El jueves pasado, el presidente de México decidió dirigirse al aeropuerto en medio de la mayor crisis de seguridad en la historia de su breve gobierno. Uno supone -digo supone, porque no hay confirmación alguna de que el presidente de México haya estado plenamente informado de los planes o de lo que había ocurrido– que conocía la gravísima situación de seguridad en la ciudad de Culiacán, capital de Sinaloa. A pesar de que sabía (de nuevo, una suposición) el calibre del problema, incluido el probable colapso de los planes de captura de uno de los nuevos líderes del cártel de Sinaloa, la amenaza de violencia contra los culiacanenses, los bloqueos en la ciudad, el peligro de la liberación de presos de una cárcel local y el riesgo que corrían las fuerzas armadas del país que gobierna, el presidente de México decidió irse al aeropuerto.

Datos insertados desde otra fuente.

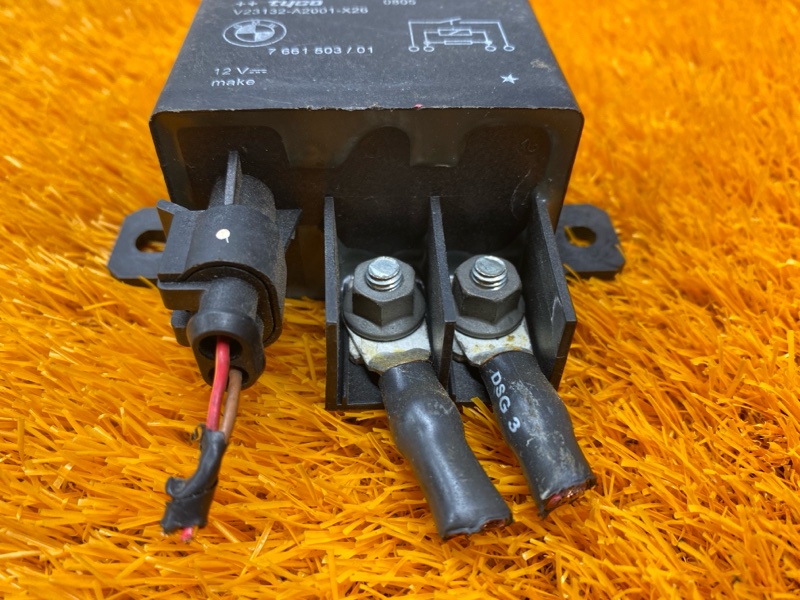 Реле вентилятора, 1000 рублей, Красноярск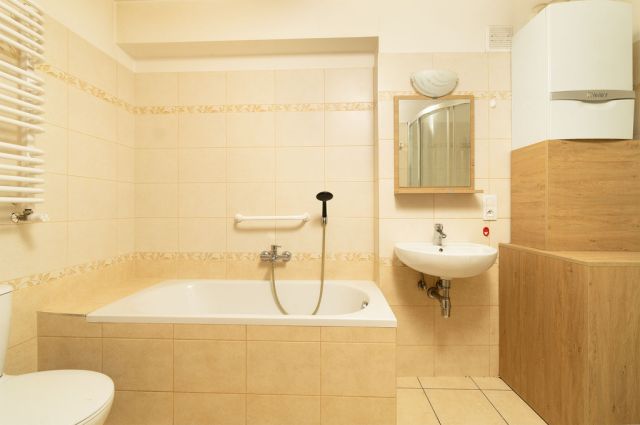 dom szeregowy, 4 pokoje Rzeszów, al. Niepodległości. Zdjęcie 8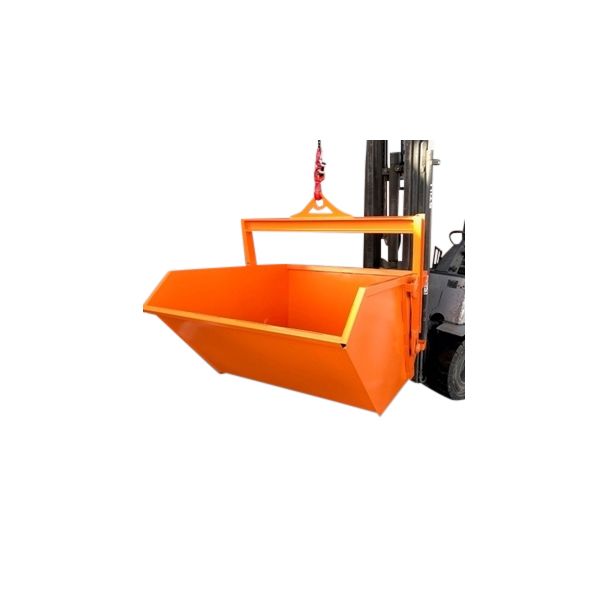 Boat Tipping Skip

En el aeropuerto, el presidente de México se topó con un grupo de reporteros, como ocurre siempre que cruza por la terminal, dado que insiste en transportarse en aviones comerciales, donde no hay garantía de seguridad, pero tampoco de la discreción necesaria en momentos críticos ni los medios adecuados para comunicar decisiones que pueden ser, dado el cargo que ostenta el señor, de vida o muerte. Los reporteros, informados a plenitud del tamaño de la crisis, preguntaron al presidente de México los detalles. Había muchas dudas y habría muchas más. El presidente de México, que en cualquier otra circunstancia no puede dejar de hablar y comentar sobre todo lo que ocurre en el país, rechazó responder las dudas puntuales de los periodistas. El gabinete de seguridad informaría pronto, dijo, como si el secretario de Seguridad Pública fuera el presidente de México. Acto seguido abordó su avión.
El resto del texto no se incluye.